Jan. 14 (Bloomberg) -- Intel Corp. forecast sales that may exceed analysts’ predictions, a sign that rising demand for server chips is compensating for the company’s delayed entry into the market for tablet computers.
The company said yesterday that it expects sales growth of 10 percent this year from a record in 2010. The largest maker of computer chips also plans to boost production spending by as much as 79 percent this year, reflecting confidence in its growth prospects, Chief Executive Officer Paul Otellini said.
Sales of chips used in so-called cloud-computing centers, which provide computing over the Web, helped boost fourth-quarter sales and profit even as consumer demand for notebooks remained sluggish, Intel said. If it delivers 2011 sales of $48 billion, as its forecast indicates, Intel would exceed the average of analysts’ estimates by about 6 percent.
“So many people are focused on the front end, on the consumer -- the phone and tablet -- and missing the fact that there are these massive arrays of servers, largely populated by Intel chips,” said Michael Shinnick, a fund manager for South Bend, Indiana-based Wasatch Advisors Inc., which has $10 billion under management and owns 2.24 million Intel shares.
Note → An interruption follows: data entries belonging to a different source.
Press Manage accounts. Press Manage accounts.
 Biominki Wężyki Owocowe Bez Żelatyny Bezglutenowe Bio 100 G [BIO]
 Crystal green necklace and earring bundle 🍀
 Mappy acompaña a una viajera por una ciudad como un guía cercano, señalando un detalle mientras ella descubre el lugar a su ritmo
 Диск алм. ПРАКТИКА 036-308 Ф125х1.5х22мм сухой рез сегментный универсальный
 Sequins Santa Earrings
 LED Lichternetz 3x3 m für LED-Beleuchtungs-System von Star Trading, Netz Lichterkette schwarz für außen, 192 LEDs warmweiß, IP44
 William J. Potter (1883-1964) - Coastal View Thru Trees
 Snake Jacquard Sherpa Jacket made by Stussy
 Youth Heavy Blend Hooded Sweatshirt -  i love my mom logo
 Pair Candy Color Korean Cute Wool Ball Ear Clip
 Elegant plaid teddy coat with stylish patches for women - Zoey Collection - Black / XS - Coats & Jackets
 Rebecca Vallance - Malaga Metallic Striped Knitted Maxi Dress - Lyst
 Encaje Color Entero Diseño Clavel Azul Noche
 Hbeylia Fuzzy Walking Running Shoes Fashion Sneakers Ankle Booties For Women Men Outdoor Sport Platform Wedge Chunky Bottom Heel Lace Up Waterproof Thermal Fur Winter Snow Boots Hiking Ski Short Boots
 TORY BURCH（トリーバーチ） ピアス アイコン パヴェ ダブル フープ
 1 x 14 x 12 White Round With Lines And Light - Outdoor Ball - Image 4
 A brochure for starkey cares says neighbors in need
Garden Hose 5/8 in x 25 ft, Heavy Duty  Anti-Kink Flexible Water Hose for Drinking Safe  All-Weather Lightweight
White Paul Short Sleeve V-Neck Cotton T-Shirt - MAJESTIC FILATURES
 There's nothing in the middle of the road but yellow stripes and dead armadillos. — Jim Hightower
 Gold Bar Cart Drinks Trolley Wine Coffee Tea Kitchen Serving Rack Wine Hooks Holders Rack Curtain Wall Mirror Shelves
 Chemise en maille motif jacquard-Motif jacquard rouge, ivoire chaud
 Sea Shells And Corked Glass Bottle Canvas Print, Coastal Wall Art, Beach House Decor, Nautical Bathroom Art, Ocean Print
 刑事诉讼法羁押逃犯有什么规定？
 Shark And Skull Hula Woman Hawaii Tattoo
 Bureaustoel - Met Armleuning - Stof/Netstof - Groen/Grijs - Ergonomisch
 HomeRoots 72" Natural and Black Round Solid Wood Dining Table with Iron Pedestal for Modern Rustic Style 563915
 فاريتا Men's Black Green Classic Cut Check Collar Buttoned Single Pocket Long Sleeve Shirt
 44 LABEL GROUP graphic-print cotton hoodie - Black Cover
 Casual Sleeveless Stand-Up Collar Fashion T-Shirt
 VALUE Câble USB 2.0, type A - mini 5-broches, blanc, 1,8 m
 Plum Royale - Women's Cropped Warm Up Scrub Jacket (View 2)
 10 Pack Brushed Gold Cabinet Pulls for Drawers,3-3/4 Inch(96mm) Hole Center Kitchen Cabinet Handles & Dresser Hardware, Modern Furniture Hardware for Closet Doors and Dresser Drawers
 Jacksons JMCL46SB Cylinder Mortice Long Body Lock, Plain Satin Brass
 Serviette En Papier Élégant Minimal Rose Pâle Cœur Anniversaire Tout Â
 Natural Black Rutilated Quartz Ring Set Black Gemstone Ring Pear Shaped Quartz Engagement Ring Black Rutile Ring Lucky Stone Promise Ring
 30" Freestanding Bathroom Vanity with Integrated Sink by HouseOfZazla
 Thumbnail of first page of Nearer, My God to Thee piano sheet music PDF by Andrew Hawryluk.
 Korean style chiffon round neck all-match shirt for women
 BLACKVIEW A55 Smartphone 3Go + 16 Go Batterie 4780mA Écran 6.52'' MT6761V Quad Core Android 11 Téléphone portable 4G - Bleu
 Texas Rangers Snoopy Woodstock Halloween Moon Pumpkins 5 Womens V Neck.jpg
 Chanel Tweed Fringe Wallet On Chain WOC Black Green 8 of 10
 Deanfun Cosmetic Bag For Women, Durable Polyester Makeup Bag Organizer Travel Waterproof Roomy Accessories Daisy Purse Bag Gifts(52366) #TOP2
Intel, based in Santa Clara, California, fell 21 cents to $21.08 at 4 p.m. New York time in Nasdaq Stock Market trading. The shares climbed 3.1 percent last year.
Results this quarter may also beat estimates, according to Intel’s projection. Revenue will be $11.1 billion to $11.9 billion. That compares with the $10.7 billion average of analysts’ projections compiled by Bloomberg.
Intel is relying on demand from business customers to offset sluggish buying by consumers. The company hasn’t been quick enough to offer chips suitable for tablet-style computers that can vie with Apple Inc.’s iPad, released last year.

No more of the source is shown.